* _Supplied data_
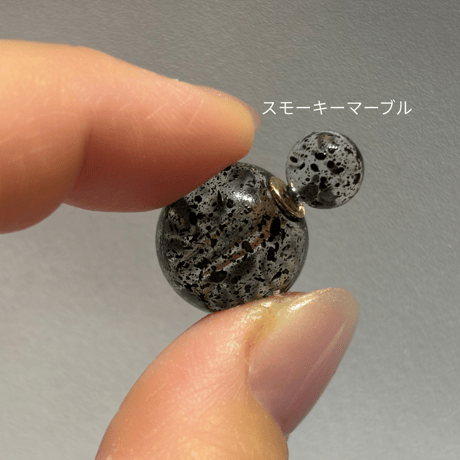 マーブルニュアンス　ボールピアス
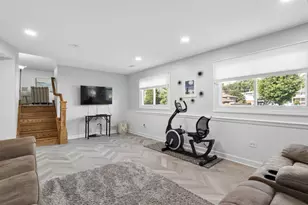 10225 S 86th Ct, Palos Hills, IL 60465 - Photo 23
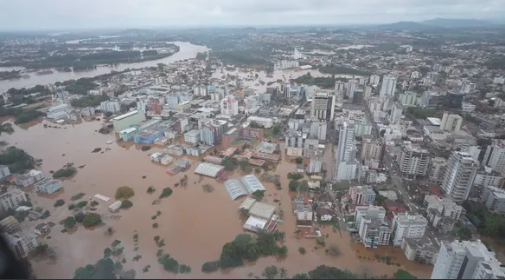 Em 10 anos, desastres climáticos geraram mais de RS 8,3 bilhões de prejuízo em SC, aponta CNM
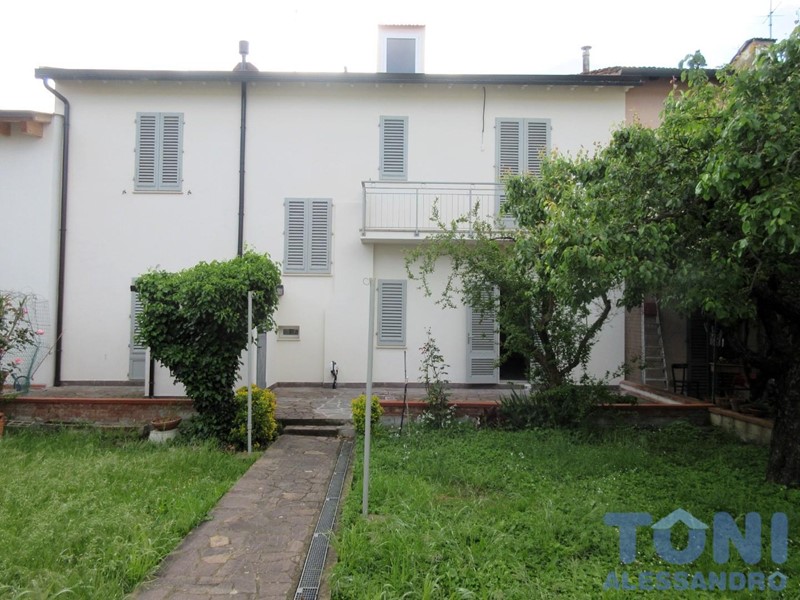 Villetta a schiera in Vendita a Empoli, 580'000€, 180 m², con Box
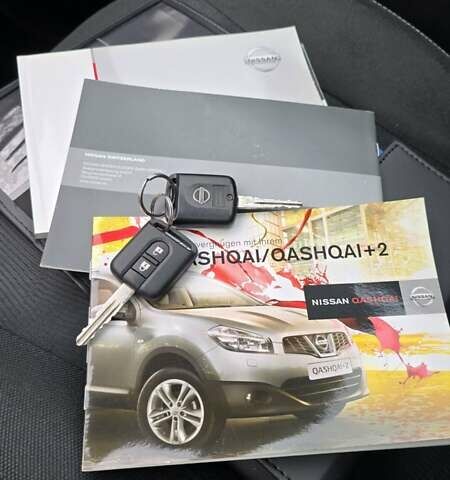 Черный Ниссан Кашкай, объемом двигателя 2 л и пробегом 202 тыс. км за 12500 $, фото 16 на Automoto.ua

* _Instructions for the task_
Exclude the images and reproduce the remaining data exactly.

* _Answer to the problem_
 マーブルニュアンス　ボールピアス
 10225 S 86th Ct, Palos Hills, IL 60465 - Photo 23
 Em 10 anos, desastres climáticos geraram mais de RS 8,3 bilhões de prejuízo em SC, aponta CNM
 Villetta a schiera in Vendita a Empoli, 580'000€, 180 m², con Box
 Черный Ниссан Кашкай, объемом двигателя 2 л и пробегом 202 тыс. км за 12500 $, фото 16 на Automoto.ua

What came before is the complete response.